The case of Amanda Knox has captivated readers on both sides of the Atlantic for seven years. And why not? It has all the elements necessary for drama, controversy, and suspense. A beautiful, fresh-faced 20-year-old college junior from Seattle goes to Perugia, Italy for her junior year abroad and rooms with a brilliant British student named Meredith Kercher. Meredith is brutally murdered and Amanda Knox, her Italian boyfriend, Raffaele Sollecito, and an acquaintance named Rudy Guede are accused and convicted of the crime. According to the original prosecutors, and an abundance of physical evidence, Guede struck at least one of the fatal blows. He was sentenced to 30 years in prison but his sentence was reduced on appeal to 16 years.

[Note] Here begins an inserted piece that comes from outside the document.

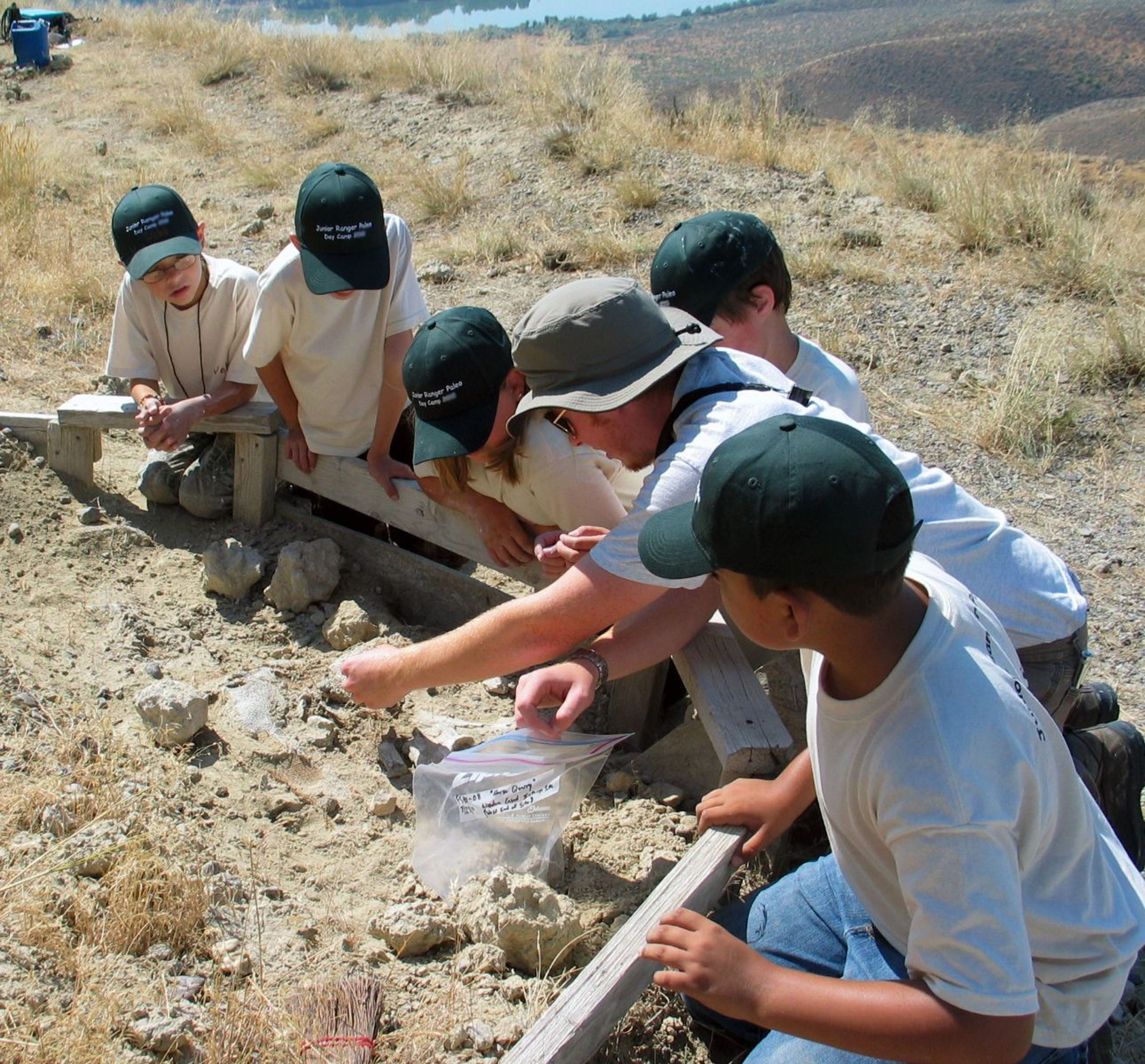 Jr. Rangers learn about paleontology at a fossil site.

Amanda and Raffaele’s case was less clear-cut as neither convincing motives nor much physical evidence was apparent. After spending four years in prison, both were exonerated by an appeals court in 2011. Amanda came home to largely welcoming American arms, her case held up as an example of hostility to Americans abroad. She made the talk show circuit and wrote a book that garnered her a reported $4,000,000 advance.
But it didn’t end there. Across “the pond,” where Meredith Kercher’s family mourns her, it was a different story. While many American tabloids presented Amanda as a vilified victim of the chaotic Italian justice system, the British tabloids mostly portrayed her as a cold-blooded murderer. Earlier this year, a Florence appeals court voided the acquittal and accused the pair of an even more severe crime than the original charge. They now claim that Amanda actually wielded the knife and struck the deadly blow, increasing her sentence to 28-and-a-half years. A new appeal has been scheduled before Italy’s highest Court of Cessation for March 25th. Amanda, who is now a freelance journalist covering human interest and theater stories for a Seattle newspaper, has said she won’t appear, though Italy may well request extradition.
You can’t make this stuff up. So why did I try just that in writing my novel The Perfect Mother? And why now? The Amanda Knox story has already spawned countless newspaper and magazine articles, at least four books, a television movie, a new feature film, and thousands of Twitter posts featuring passionate opinions hotly proclaiming her guilt or fervently defending her innocence. So why did I think anyone would want to read yet another book, this time a fictional account of the same story?
The answer is pretty easy. First of all, although it was inspired by the Amanda Knox case, mine is a completely different story. The journalists were, quite correctly, writing about the principals in the case: Amanda, Meredith, Raffaele, Rudy Guede. But the larger questions that touch on emotional relationships, truth or lies, appearance and reality, love and trust, mothers and daughters are better cast as fiction. So after that initial inspiration, my imagination created the rest. The locale was not Perugia, but Seville, in Spain, a country I have lived in and love. The victim was a man said to have attempted to rape Emma (my rendering of Knox), whom she claimed was killed by a Good Samaritan after he tried to intervene. The mother believed she knew her daughter intimately—they were confidantes, or so she thought. Like many mothers, she had been proud of her daughter’s accomplishments, which she secretly believed reflected very well on her.

I wanted to ask the question I think every mother who is fascinated by the ins and outs of the real case wants answered. It’s a question that haunted me from the moment I first heard about Amanda Knox, because I, too, am a mother who adores her children. What would it feel like if it happened to ME? Because this critical tragedy didn’t only happen to the principals at the crime scene. It also happened to those who loved them, especially their parents. This goes a long way toward explaining our unending interest in this case. Given the increasingly frequent tragic suicides and school murders, often from people we had no reason to suspect, the question of how to recognize the danger signs becomes more and more urgent. We need to know how this seemingly clean-cut American girl who made Dean’s List and played on her school’s soccer team got caught up in something as ugly as this. In my novel, I wanted to probe further into the complexity of the parent/child relationship, to ask: How well do we know what our children are doing or are capable of? How much are we responsible for their actions? How much can we suspend belief to keep convinced of their innocence?
Ultimately, the Italian courts and Italian-American extradition agreements may decide the fate of Amanda Knox. But the larger questions the scandal has provoked? We may be asking those forever.